Dataset content
"""

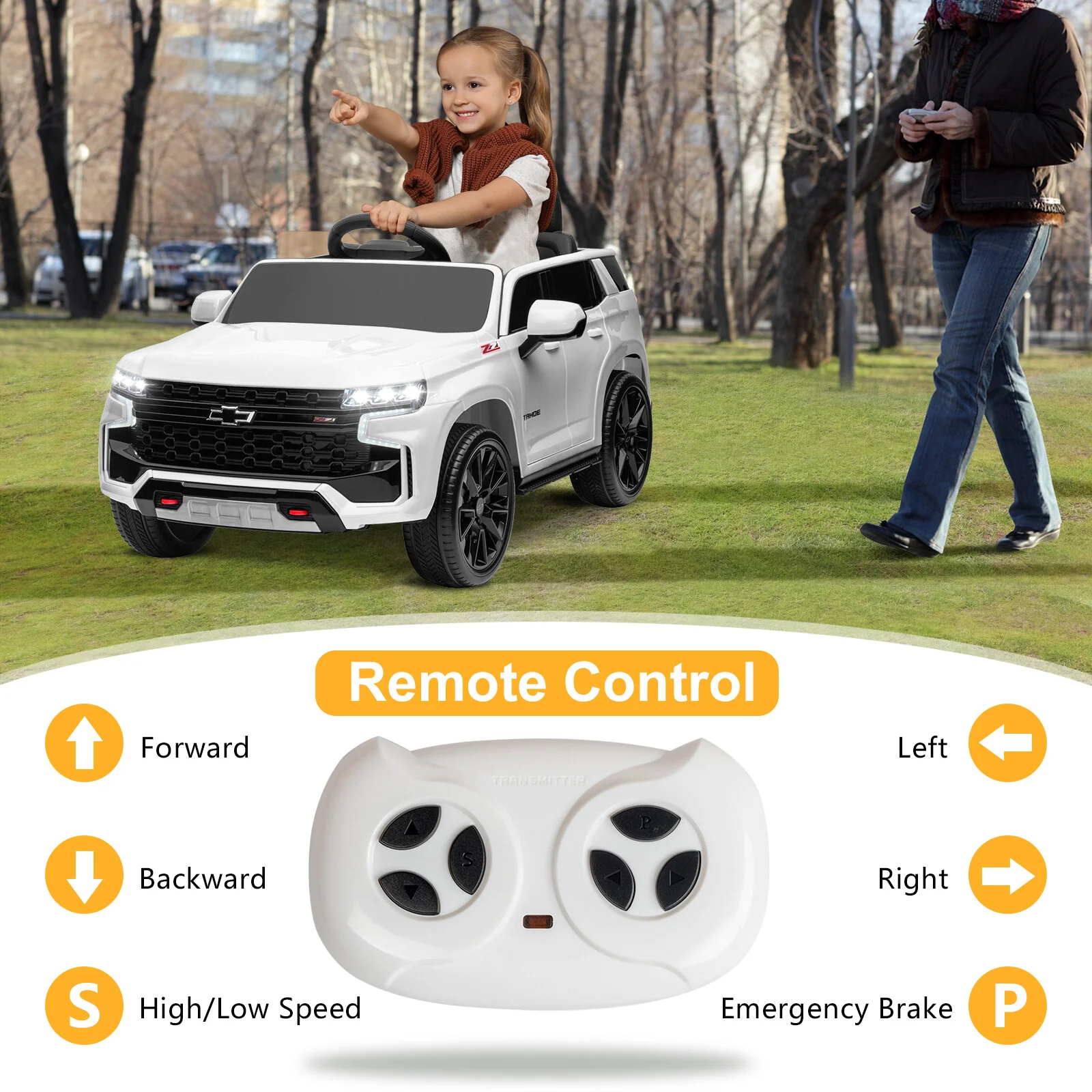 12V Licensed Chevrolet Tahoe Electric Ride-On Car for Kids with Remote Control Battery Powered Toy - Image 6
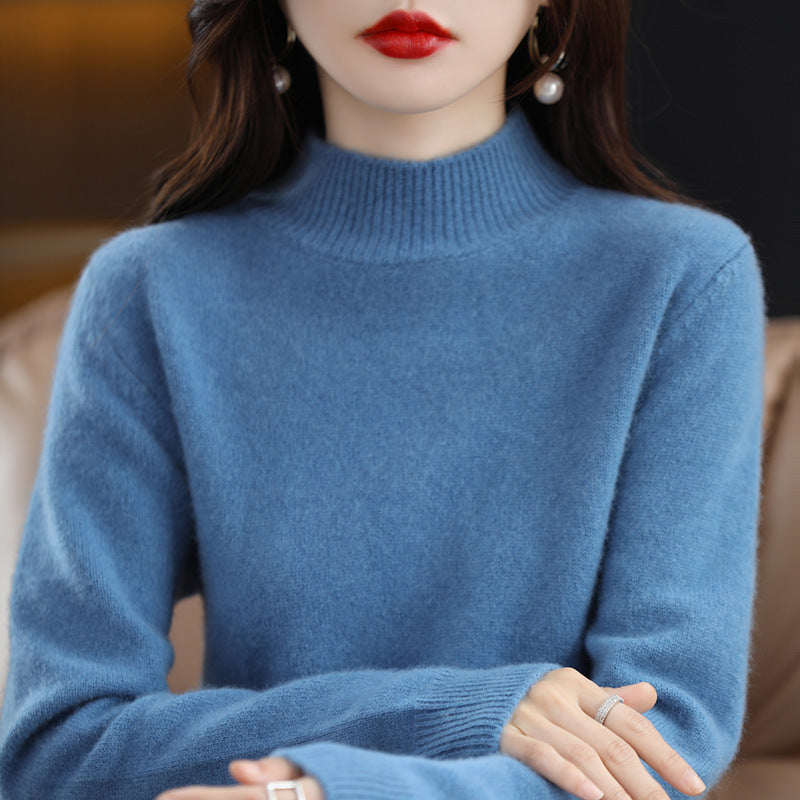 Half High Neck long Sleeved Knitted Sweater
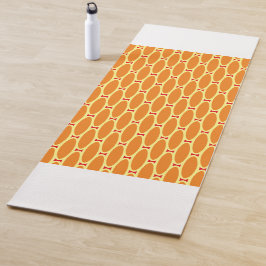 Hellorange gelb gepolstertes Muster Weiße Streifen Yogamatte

"""

Requirement
Retype all of the material above precisely as it reads. Pictures are not part of the copy.

Solved exercise
 12V Licensed Chevrolet Tahoe Electric Ride-On Car for Kids with Remote Control Battery Powered Toy - Image 6
 Half High Neck long Sleeved Knitted Sweater
 Hellorange gelb gepolstertes Muster Weiße Streifen Yogamatte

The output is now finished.